Jung-jae blinked, surprised by the strange frankness. He understood that Leo wasn't asking the actor, but the character. Gi-hun. He decided to play along. "The script was written that way," he replied calmly. "Sometimes, a character is destined for a certain path. Gi-hun is a man who, despite all the horror he lived, cannot abandon his humanity. He saw that the game continued, and he couldn't just get on that plane and pretend nothing was happening."
Leo shook his head, his gaze intense. "No. I don't understand it. I really don't understand it. You won. You survived hell. You had the money, a fortune that allowed you to do anything. You had your daughter waiting for you on the other side of the world. You had a way out. A chance for a normal life, a happy life."
He leaned forward, his voice dropping to a whisper charged with an emotion Jung-jae didn't expect. "And you threw it all away? You gave up your daughter, your peace, to turn around and go back to fighting the men in masks? Why? Why would anyone do that?"
The question echoed in the balcony air. And Jung-jae realized that Leo wasn't asking about Seong Gi-hun. He was asking about himself. Why can't I, Leo, who obtains priceless treasures, just retire and live on an island? Why do I always have to go back to the next tomb, the next fight, the next danger?
Jung-jae stopped being an actor talking about a role and became a man talking to another. He looked at the city lights, the same lights Gi-hun had seen from the airport.
"Perhaps..." he began slowly, choosing his words. "Perhaps because after having been in such a hell, you can no longer go back to a normal life. Perhaps the normal world, with its trivial concerns, seems boring, empty, fake. Perhaps peace feels like a lie."
He looked at Leo. "Perhaps the only way to feel that your survival had any meaning, that it wasn't just blind luck while others died, is to try to ensure that no one else has to go through the same thing. Perhaps it's not about revenge. It's about a burden. The survivor's burden. It's not a logical choice. It's a condemnation."
Leo listened, his face a mask of absolute attention.
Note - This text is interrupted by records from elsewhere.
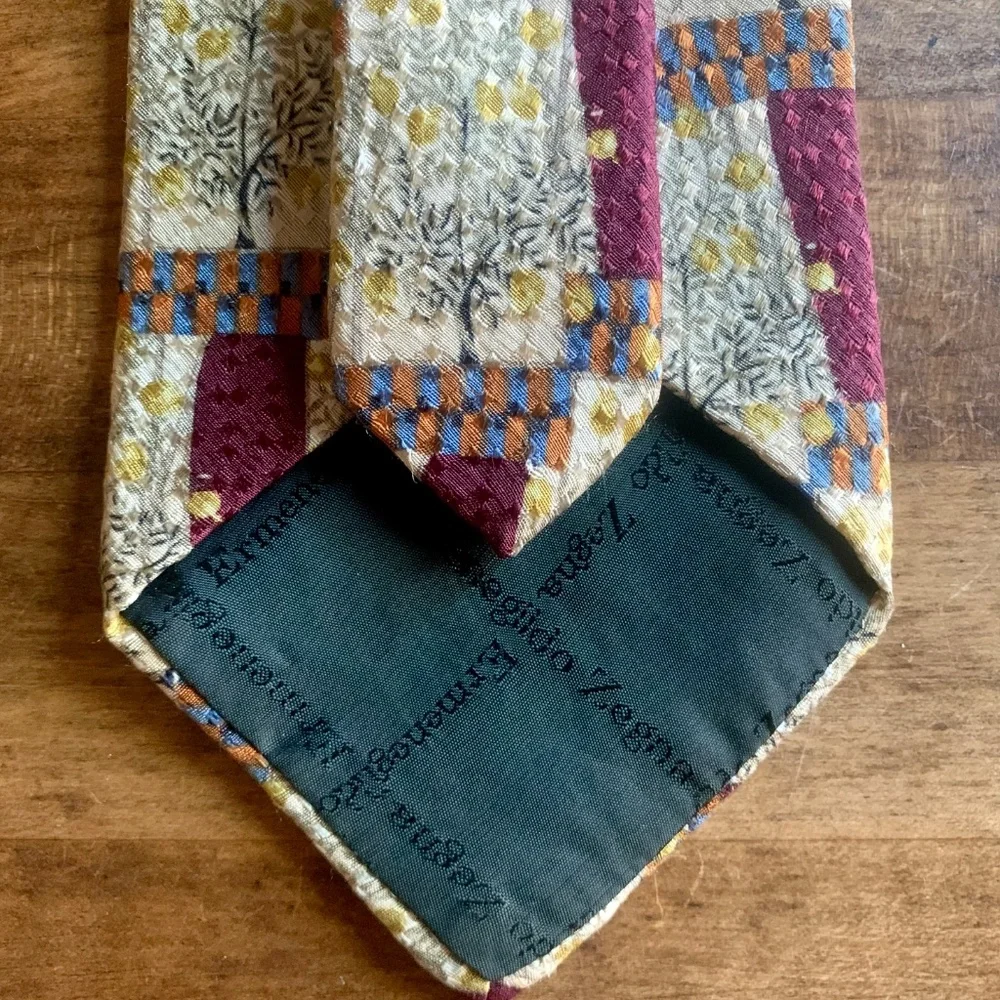 Ermenegildo Zegna set two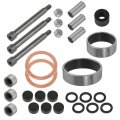 Caltric Primary Clutch Hardware Rebuild Kit Compatible With Polaris Ranger 500 6x6 2000-2005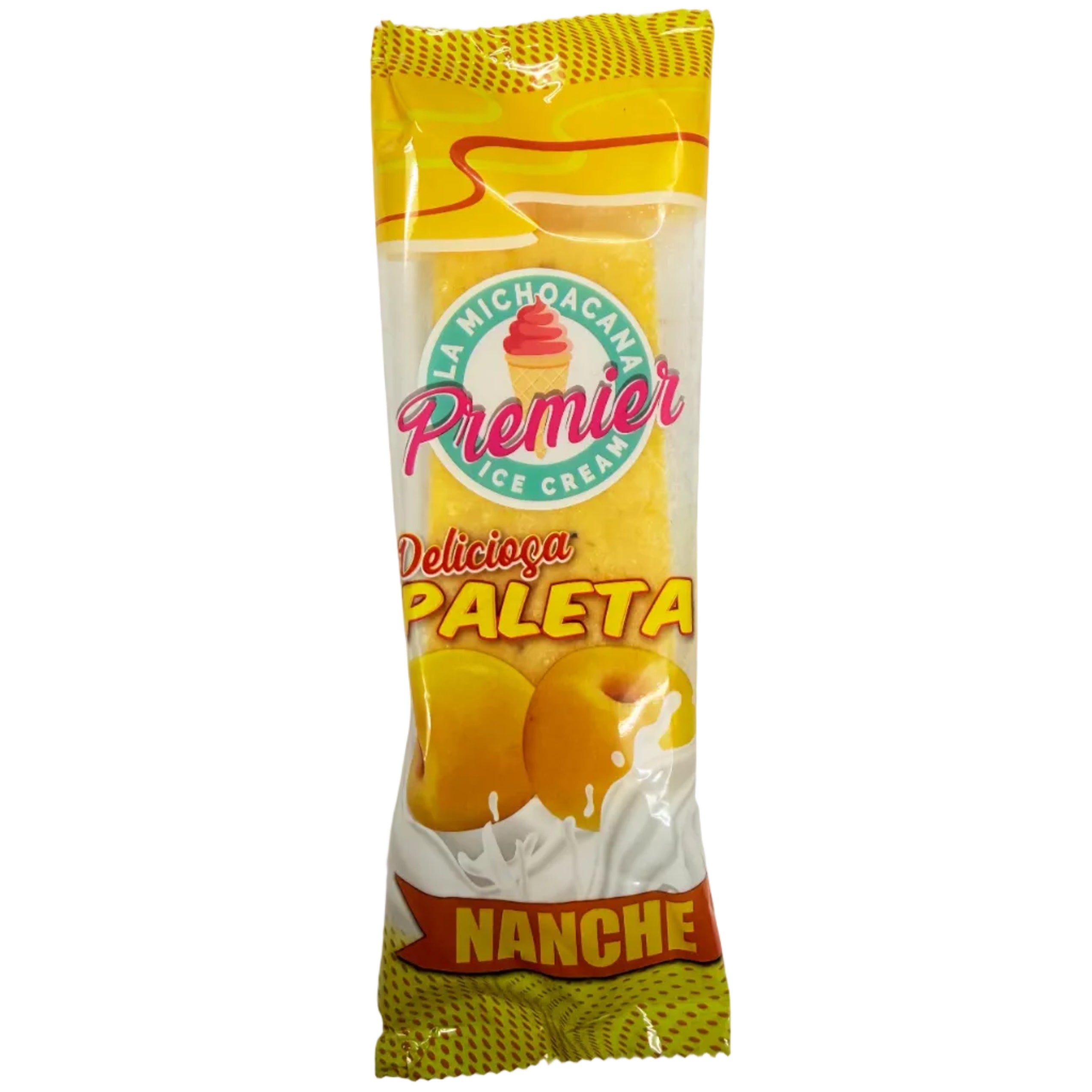 Nanche Paletas Case 26 Pcs/Case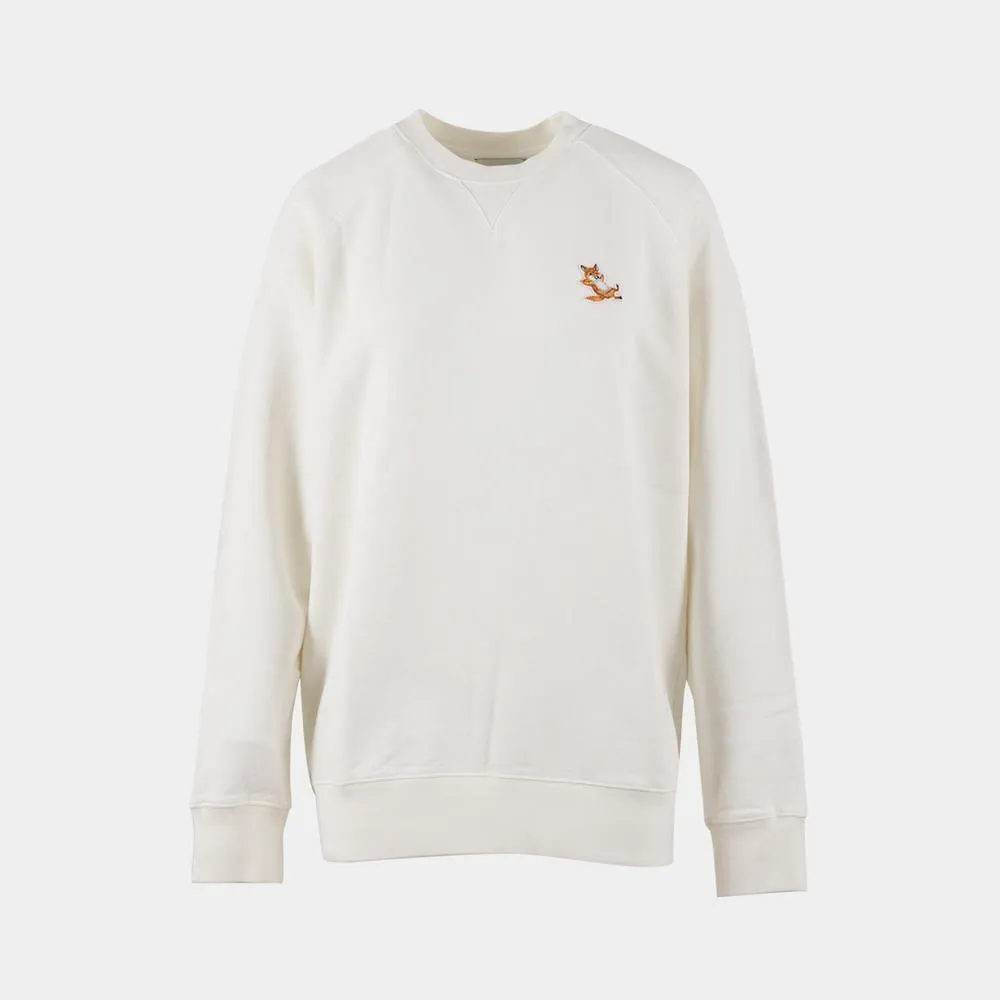 MAISON KITSUNE  |Plain Logo Hoodies & Sweatshirts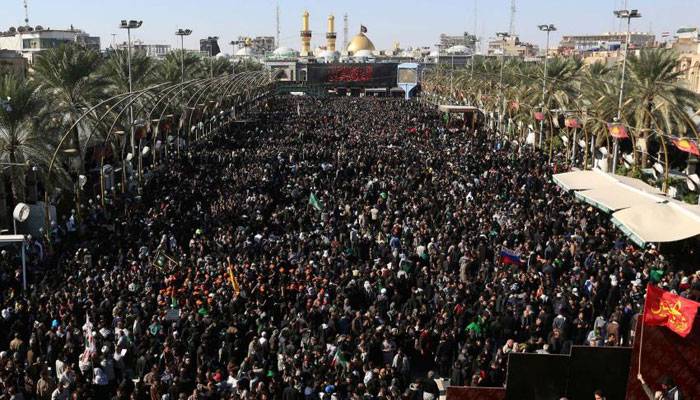 Death toll in deadliest Karbala stampede rises drastically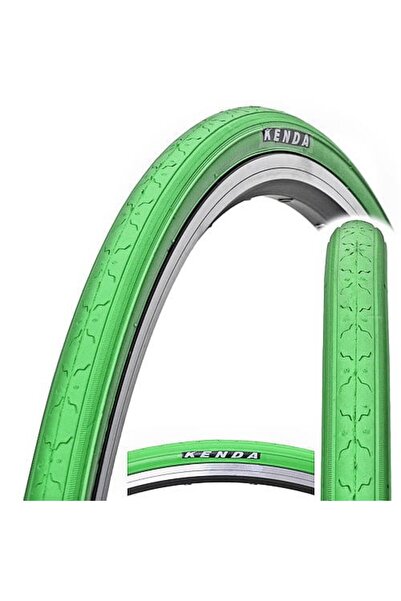 Other ANVELOPĂ KENDA 700 x 25c K152 ȘOSEA VERDE NETEDĂ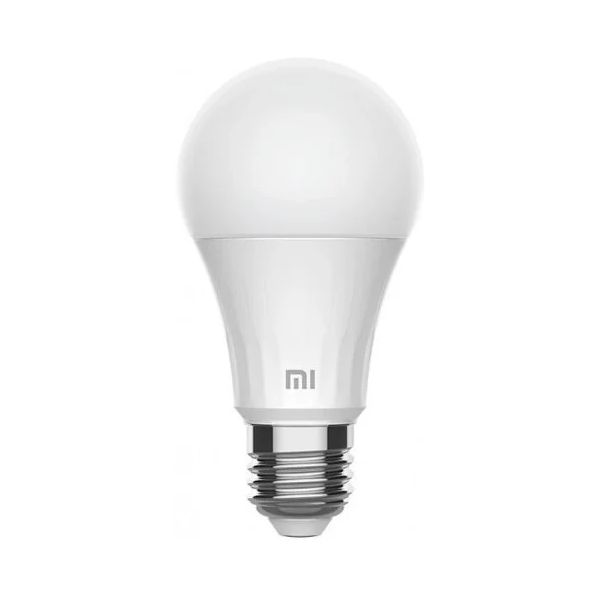 Умная лампа Xiaomi Mi LED Smart Bulb Warm White IPL E27 Wi-Fi 810 Lm 9Вт
Умная лампа Xiaomi Mi LED Smart Bulb Warm White IPL E27 Wi-Fi 810 Lm 9Вт
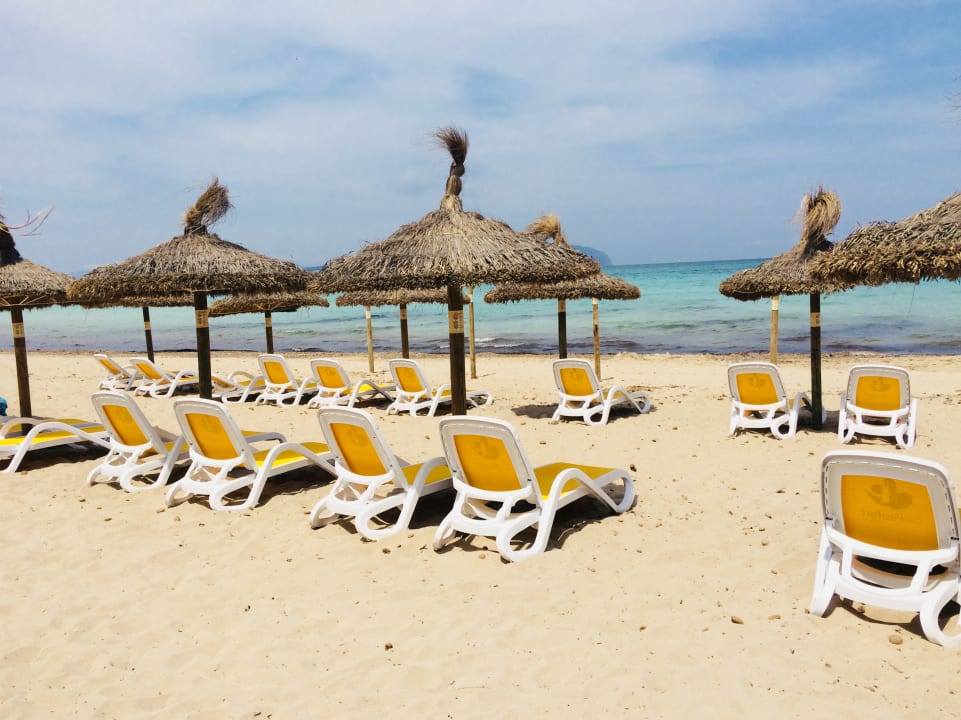 Außenansicht The Sea Hotel by Grupotel - Adults only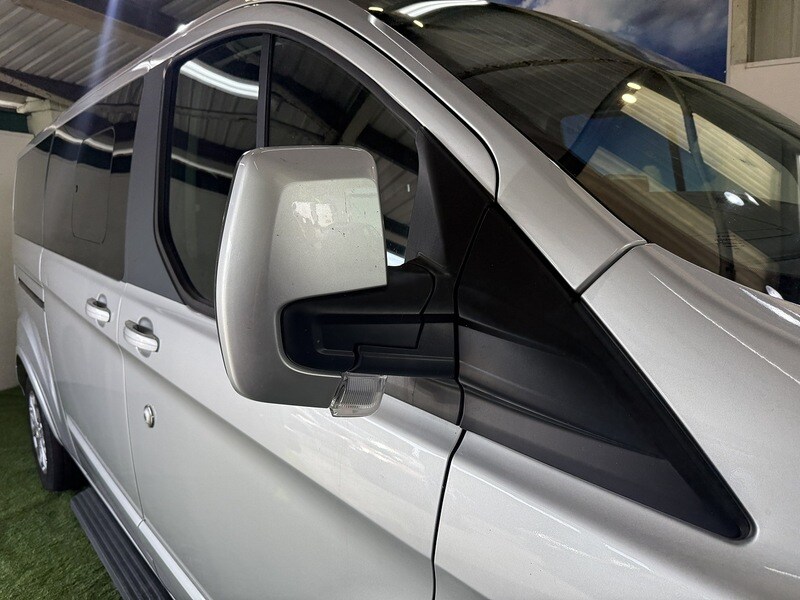 Used Ford Tourneo Custom 2020 for sale - 76194024: Photo 22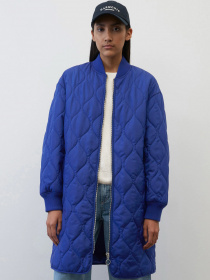 Пальта та плащі Marc O'Polo denim модель 341098471105-855 Фото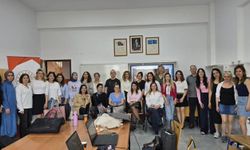 Aydın'da öğretmenlere yapay zeka destekli eğitim atölyesi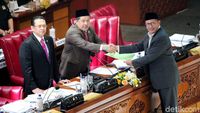 RUU Pesantren Resmi Disahkan DPR
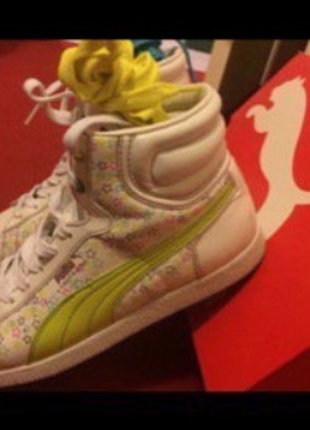 Puma Puma Sneakers Kullanılmamış Sıfır Ürün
The chaos was gone, exposing a deep, lonely melancholy.
"If it were you," Leo asked, his voice almost inaudible. "Not Gi-hun. You, Lee Jung-jae. If you had lived through all that, seen your friends die, won that blood-stained fortune... what would you do?" His gaze was vulnerable, like a child asking for an answer to an impossible riddle. "Would you get on the plane... or would you turn back?"
[POINT OF VIEW: JO YU-RI - THIRD PERSON]
From the balcony door, hidden in the shadow, Jo Yu-ri had been observing. She couldn't hear their conversation, only saw their silhouettes outlined against the tapestry of city lights. She saw Leo's transition, from manic energy to an intense, serious stillness. She saw the way Lee Jung-jae spoke to him, not like a madman, but like an equal.
She saw two men from completely different worlds, the survivor of a fictional game and the survivor of a real game, finding common ground in the loneliness of the survivor.
In that moment, she saw a side of Leo she never would have imagined. Not the arrogant adventurer, nor the depressed genius, nor the hyperactive clown. She saw a thoughtful, sad man, a man grappling with profound questions about purpose and sacrifice.
Lee Jung-jae didn't answer Leo's final question with words. He simply gave him a small, sad smile, a look of deep, compassionate understanding that said it all. I understand. I understand your burden.
And Yu-ri, seeing that silent communion, finally understood too. The chaos, the pranks, the jumps, the hyperactivity... it was all armor. An incredibly loud, flashy armor designed to protect the vulnerable, lonely core of a man who had seen too much and didn't know how to stop. A man who was constantly running, not only towards the next treasure, but also to escape from himself.
Her desire to scold him, to shake him, faded, replaced by an overwhelming and completely new desire: the desire to understand. To understand the man hiding behind the ghost.